Pennywise: The Story of It
2021 / John Campopiano / Screambox / NR
It is a TROLL.
The evolution of horror after Nightmare on Elm Street.
George A. Romero!? Whaaat?
King's explanation of experiencing the circus is phenomenal.
The sugar daddies.
Tim takes a stand on prosthetics, and you've gotta love that bulbous head.
The It miniseries of the year 1990, haunts children and adults to this day. If you grew up in the generation that followed the release of It then you know the power of this film's presents at a sleepover. Many children’s parents forbade It, but kids will be kids and Tim Curry’s clown now lives rent-free in the sewers of their minds. This documentary explores what made that miniseries so great, and how the team behind It came together to create this truly menacing Stephen King adaptation.

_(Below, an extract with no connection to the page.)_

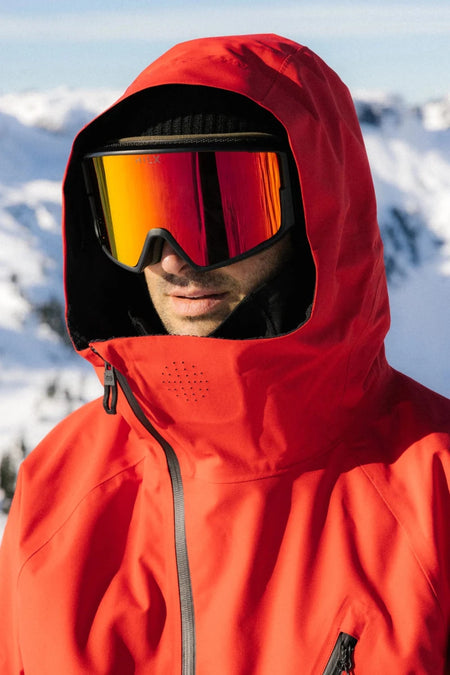 686 Hydra Thermagraph Jacket Mens 2026 Red Colourblock - Elevation107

A couple of Christmases ago I received Stephen King’s novel It, and to this day it sits on my bookshelf, unopened and unread. This is not for a lack of interest but rather a lack of time and determination (...and I know about that weird scene in the sewers which kind of kills my excitement). The novel is a really chonky-boi, so I find it quite interesting how well Lawrence D. Cohen adapted the novel for TV. At the time, the idea of a miniseries wasn’t necessarily common; most everything was either a tv show or a 90+ minute film.

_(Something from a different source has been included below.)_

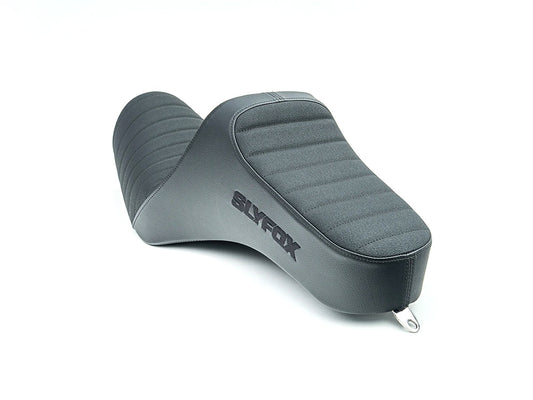 Highnoon Tuck N Roll Dual Seat. Fits Sportster 2004-2021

This look into the classic It miniseries is a great way to understand the effort, and culture that surrounds filmmaking. The actors give insight into behind-the-scenes banter, and the special effects artists disclose just how painstaking some of the sets and sequences could really be. I’m referring to that sewer spider that comes off as completely bogus, but according to the effects team, the monster never got its moment to shine. I especially like hearing how intuitive Tim Curry really is, and if not for his resilience we could have ended up with a drastically different looking It clown, which I doubt would leave the same cultural impact.
From It's storybook origins to It’s silver-screen debut, this clown will continue to scare and intrigue audiences. With 2017’s revamp we were able to explore a new fresh version of the It monster and let CG accentuate the story. Bill Skarsgard does a fantastic job at playing It but there’s a jolly tone that’s missing when you compare him to Tim Curry’s birthday party enthusiasm. The one thing I would have l liked for this film to do was bring in some of the actors, writers, and directors of the new movies in order to understand just how they perceive the classic It miniseries.